What you will do ▸ What you return must match the records exactly, except that the pictures are gone.

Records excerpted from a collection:
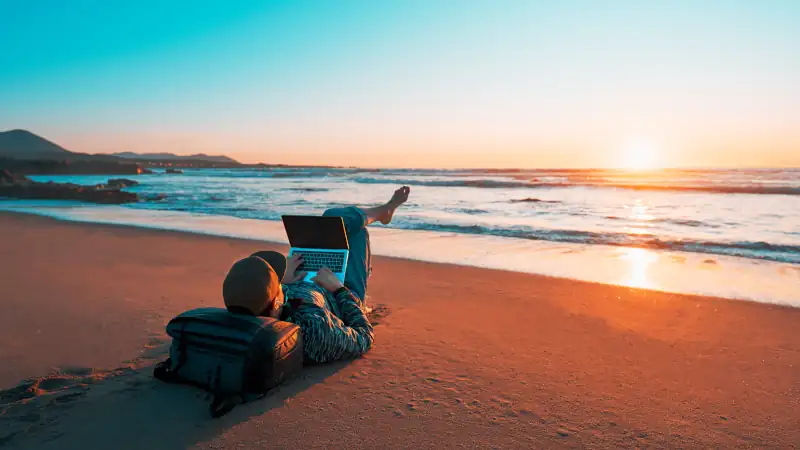 digital nomad laying on the sand of the beach with a laptop working at sunset over the ocean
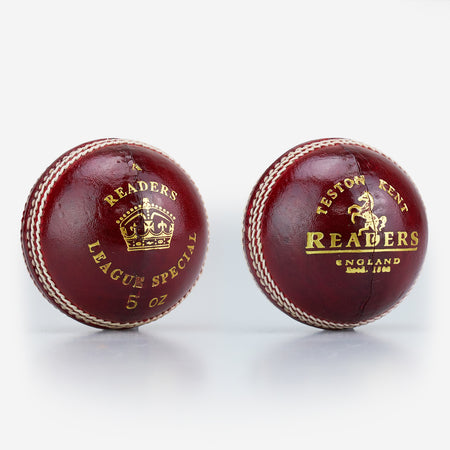 Two red leather, hand-stitched Readers women's cricket balls with gold detailing: one features "Readers League Special 5 oz" with a crown, the other has "Teston Kent Readers England" with a horse and company details. Suitable for women's cricket.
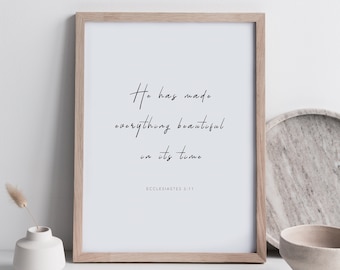 May include: A framed print with a white background and black text that reads "He has made everything beautiful in its time" with the scripture reference "Ecclesiastes 3:11" below the text.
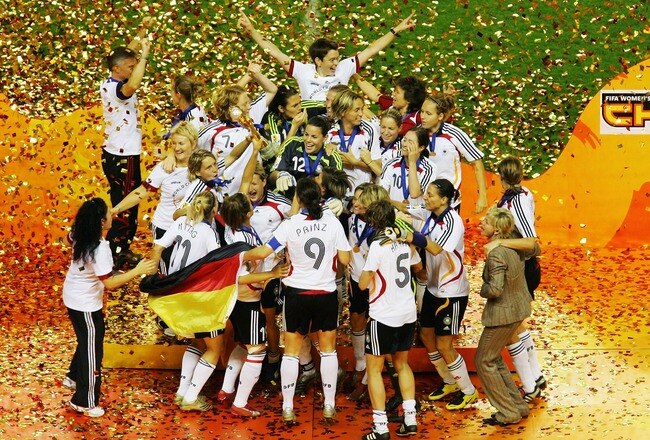 SHANGHAI, CHINA - SEPTEMBER 30:  The German team celebrate victory on the podium after winning the Women's World Cup 2007 Final match between Brazil and Germany at the Shanghai Hongkou Football Stadium September 30, 2007 in Shanghai, China.(Photo by Feng Li/Getty Images)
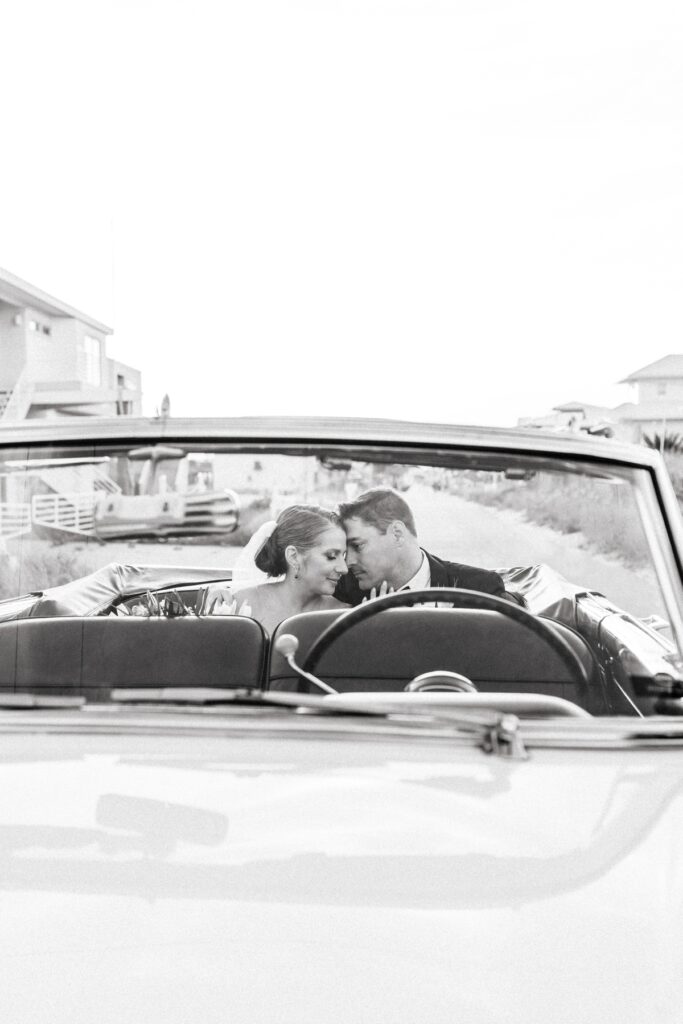 Husband and wife snuggle up in the back of a vintage Packard car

Task answer ▸
 digital nomad laying on the sand of the beach with a laptop working at sunset over the ocean
 Two red leather, hand-stitched Readers women's cricket balls with gold detailing: one features "Readers League Special 5 oz" with a crown, the other has "Teston Kent Readers England" with a horse and company details. Suitable for women's cricket.
 May include: A framed print with a white background and black text that reads "He has made everything beautiful in its time" with the scripture reference "Ecclesiastes 3:11" below the text.
 SHANGHAI, CHINA - SEPTEMBER 30:  The German team celebrate victory on the podium after winning the Women's World Cup 2007 Final match between Brazil and Germany at the Shanghai Hongkou Football Stadium September 30, 2007 in Shanghai, China.(Photo by Feng Li/Getty Images)
 Husband and wife snuggle up in the back of a vintage Packard car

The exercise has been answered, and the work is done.